Thorstein Gullheart: The Maggots' Incest


Thorstein Gullheart return with The Maggots’ Incest after a much-welcomed ten-year hiatus. Or should that be returns. What or who Gullheart is remains a closely guarded secret – his/their/its appearance on stage gives away few clues; the giant squelching dimly-lit mess could be the work of a collective of bodies, human and non-human. But who cares really? This reviewer, for one, had enough of the sort of droning stretched-cat blues that Thorstein Gullheart produced in the ninties. The thought of having to listen to this slime-fest backwater of a genre with this album is almost too much to bear.

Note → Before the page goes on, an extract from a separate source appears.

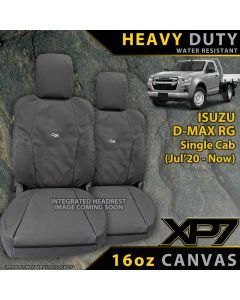 Isuzu D-MAX RG Single Cab Heavy Duty XP7 Canvas 2x Front Seat Covers (Available)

In an interview earlier this year Gullheart issued this statement about its music from behind a curtain (and through a vomit-encrusted vocoder no-doubt): “Thorstein Gullhearts considers its music to be plugging into a matrix of free form signifiers constructed from the personal artefacts and disposed consumer shit of cultural masses, both at once life temples and garbage landfills, and by re-evaluating, reconsuming, and (re)presenting the nodes and faces of broadcast media entities, creates a meta-commentary that calls into question the cultural imperialism of discourses surrounding and underpinning the narratives of our age.”

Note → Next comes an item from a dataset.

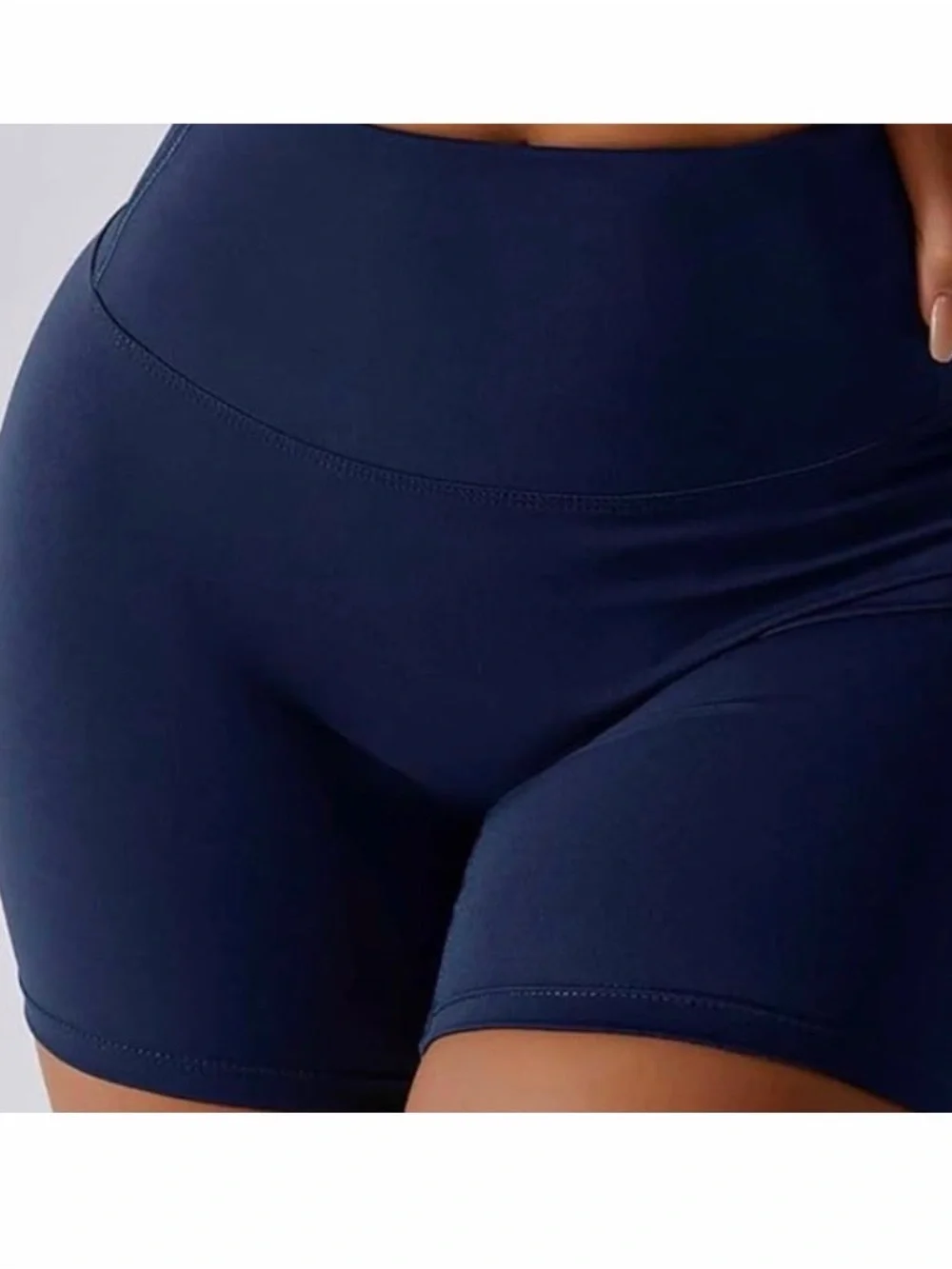 Pack two High-Waist Navy Women’s Performance Bike Shorts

It’s possible that even Thorstein Gullheart itself doesn’t understand this mangled fuck-up of a sentence. Unfortunately though, it’s the sort of waffle that pervades this whole album. Once, around 20 years ago, Gullheart babbled some half-interesting word nuggets, but ever since a stage blackout in ’96 where the pulsating pus-globe exploded, showering the audience in fuck-knows-what sort of slime globs, it has barely even expressed anything remotely approaching intelligibility. ‘Waffle, TV, Consume! Consume!, arachnids, blah, WTF, flange bucket, resist everything and sit on my face’ goes the first track (I’m paraphrasing). It is a testament to the sheer level of piss-in-a-sink awfulness of the rest of this album that I returned to this track for its vaguely hummable coda after sitting through the other ‘songs’, the marrow solidifying in my bones.

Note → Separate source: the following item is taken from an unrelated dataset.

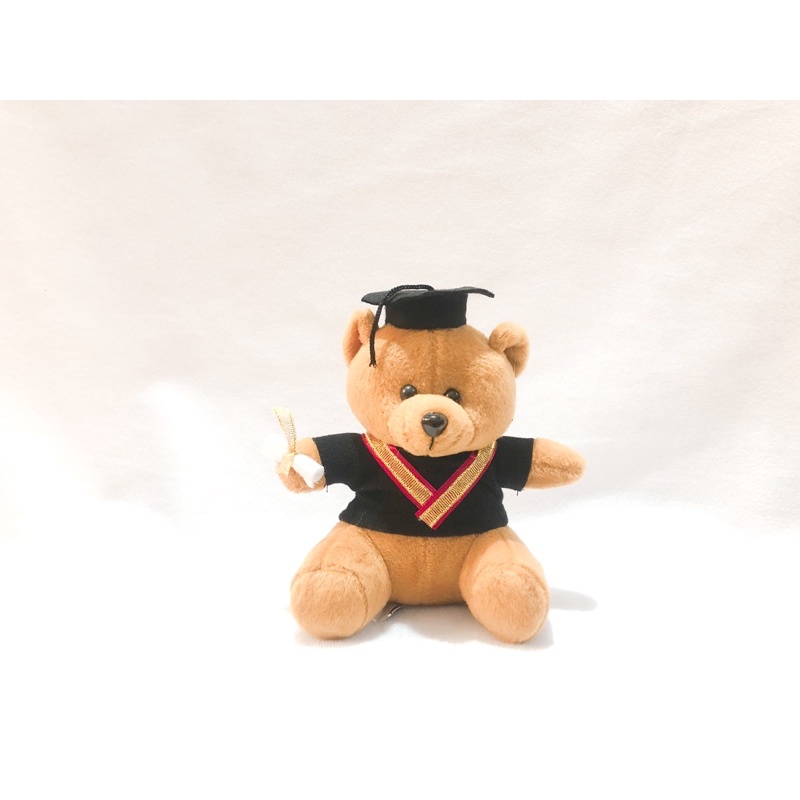 Jual READY Boneka wisuda / graduation 14cm untuk buket bunga atau piala ...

Apparently Thorstein Gullheart has already started recording its next album. I bet the recording studio stinks. What a tit.

1 comment:

  1. The phrase "monstrous balls of sub-vaginal guff" may be overused these days, but it's rarely felt so apt as when applied to the sqwawkings of postmodern 'theorists'. The only problem with your parody is that it actually makes a lot more sense than most real 'theory'. Otherwise, brill : 13.5 out of 10.